→ **Task description**
Look below for the line containing "MediChic 1126 Terri"; from there through the line containing "The Perfect Replacement", both lines included, please set down each line exactly and nothing else.
──────── Data records ────────
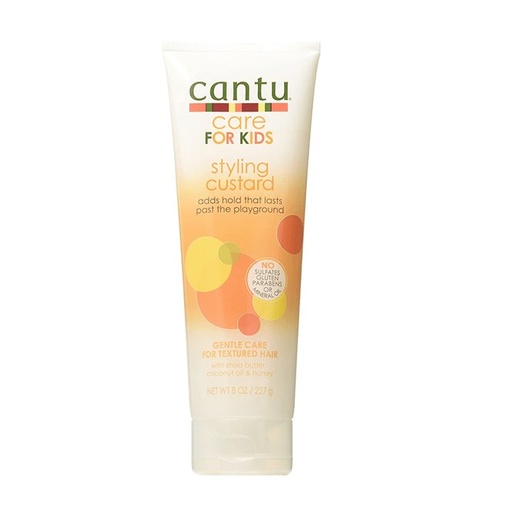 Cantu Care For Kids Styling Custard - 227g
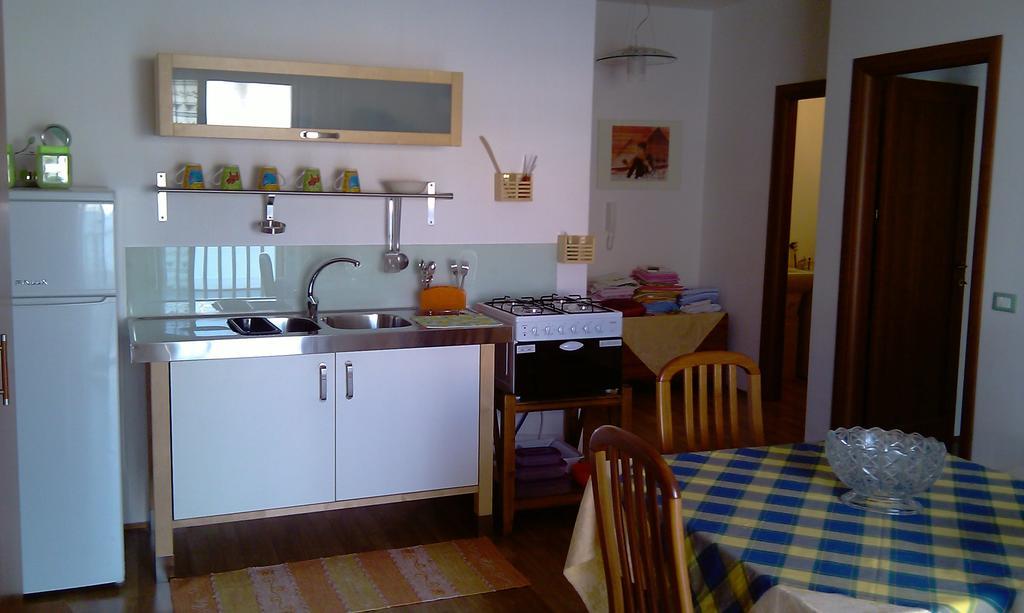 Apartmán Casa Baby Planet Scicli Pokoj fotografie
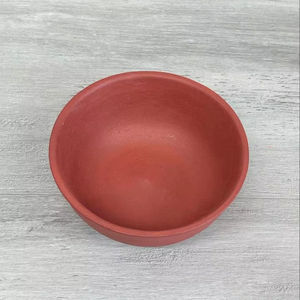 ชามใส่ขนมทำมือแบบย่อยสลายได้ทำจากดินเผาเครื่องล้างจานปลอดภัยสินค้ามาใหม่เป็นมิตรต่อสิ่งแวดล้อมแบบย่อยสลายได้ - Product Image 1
────────
──────── Data records ────────
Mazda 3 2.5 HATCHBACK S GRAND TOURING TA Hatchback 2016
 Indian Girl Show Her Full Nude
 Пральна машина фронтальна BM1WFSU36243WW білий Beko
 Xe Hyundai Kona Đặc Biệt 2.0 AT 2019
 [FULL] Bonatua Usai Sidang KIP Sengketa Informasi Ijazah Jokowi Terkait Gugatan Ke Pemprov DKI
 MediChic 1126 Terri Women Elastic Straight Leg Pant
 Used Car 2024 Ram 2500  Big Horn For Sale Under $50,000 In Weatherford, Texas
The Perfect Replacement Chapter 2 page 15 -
────────
→ **Task response**
 MediChic 1126 Terri Women Elastic Straight Leg Pant
 Used Car 2024 Ram 2500  Big Horn For Sale Under $50,000 In Weatherford, Texas
The Perfect Replacement Chapter 2 page 15 -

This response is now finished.